As a supplement to state oversight, federal oversight and enforcement should help ensure uniform enforcement of new federal consumer protection standards. Together they can best promote transparency, simplicity, fairness, accountability, and access to health care services. State regulators and attorneys general would be given authority to enforce federal standards alongside federal regulators. Federal law would only preempt weaker state laws.

Several studies show that many states lack requisite resources and authority to oversee insurers. As a result, many states lack good consumer protection laws and even those with good laws often do not have the staff to focus on anything but the solvency of the insurers they regulate. Complementary federal oversight and enforcement protects Americans in states without the wherewithal to enforce the laws. It also provides the nation with a macro picture of our health care system that can uncover emerging trends among states.

The federal agency must have full authority to require data reporting and greater transparency from the insurers. It will help standardize and rationalize data and improve our health care system. Currently, precious little data is available to compare insurance plans though they all are very different.

A range of data from the insurers is essential if the government is to ensure plans are not discriminating against people with costly conditions and to educate Americans about differences among health plans. Data that should be available for government review include enrollment applications, retention rates, disenrollment rates, rating practices at issue and renewal, claims payment practices, and utilization review activities.

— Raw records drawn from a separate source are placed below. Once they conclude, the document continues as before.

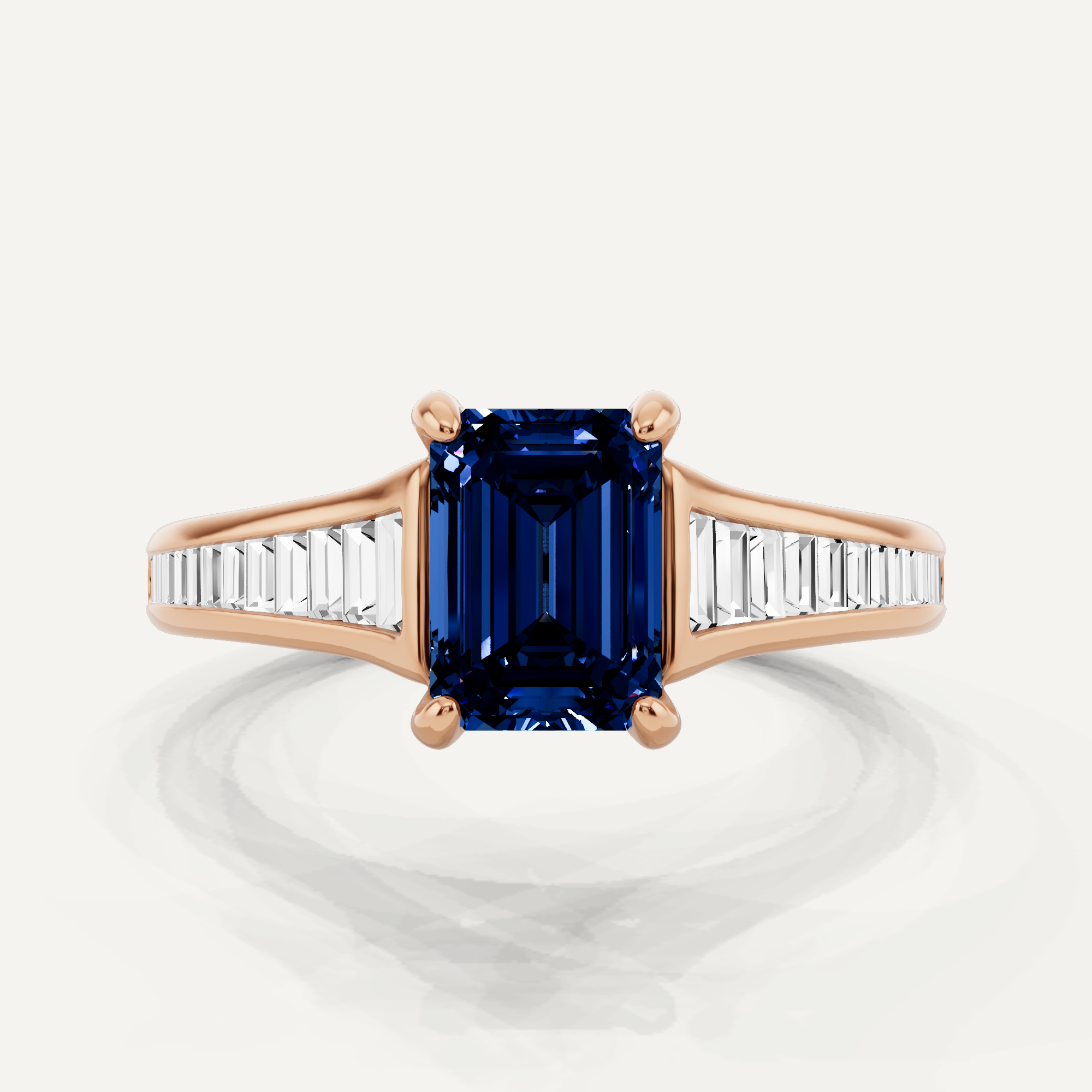 _main_image@SKU:RG136-LCSE01000004P #metal_10k-rose-gold+origin_lab-created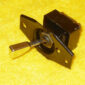 57-3067.jpg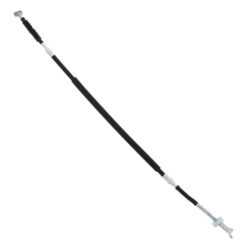 REAR BRAKE CABLE - HON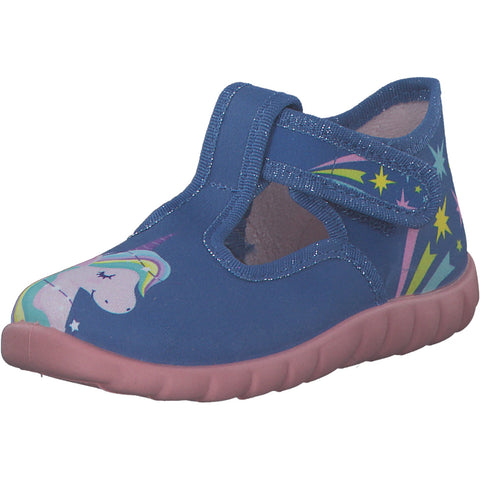 Hausschuhe & Pantoffeln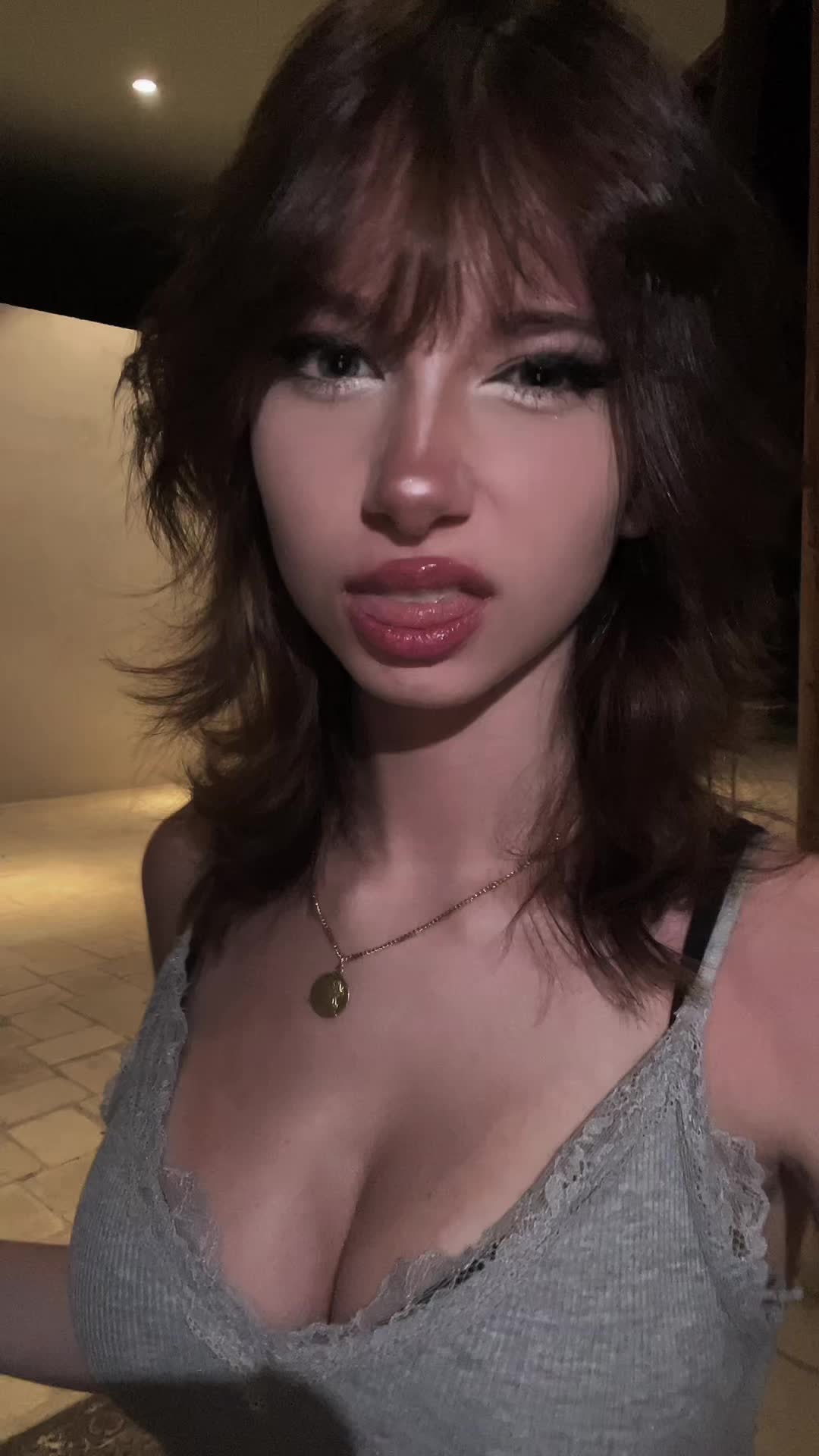 @⋆˚࿔𝒉𝒆𝒆𝒍𝒖𝒏𝒂𝜗𝜚˚⋆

In addition, the federal agency will need to establish measures of medical debt, uncompensated care, delayed or foregone care, balance billing, consumer cost-sharing, and to monitor plans to determine coverage adequacy. Finally, plans will need to report in detail on medical loss ratios and claims data so that the government can effectively operate risk adjustment systems and/or public reinsurance.

Like the proposed Consumer Financial Protection Agency, the Health Choices Administration would operate an ombudsman program to provide consumer information and help resolve problems and complaints. The HCA would also have the power to set standards that lead companies to compete by offering products that consumers actually want — and understand.

Health insurers will no longer be able to offer policies with pages of fine print that no one can figure out.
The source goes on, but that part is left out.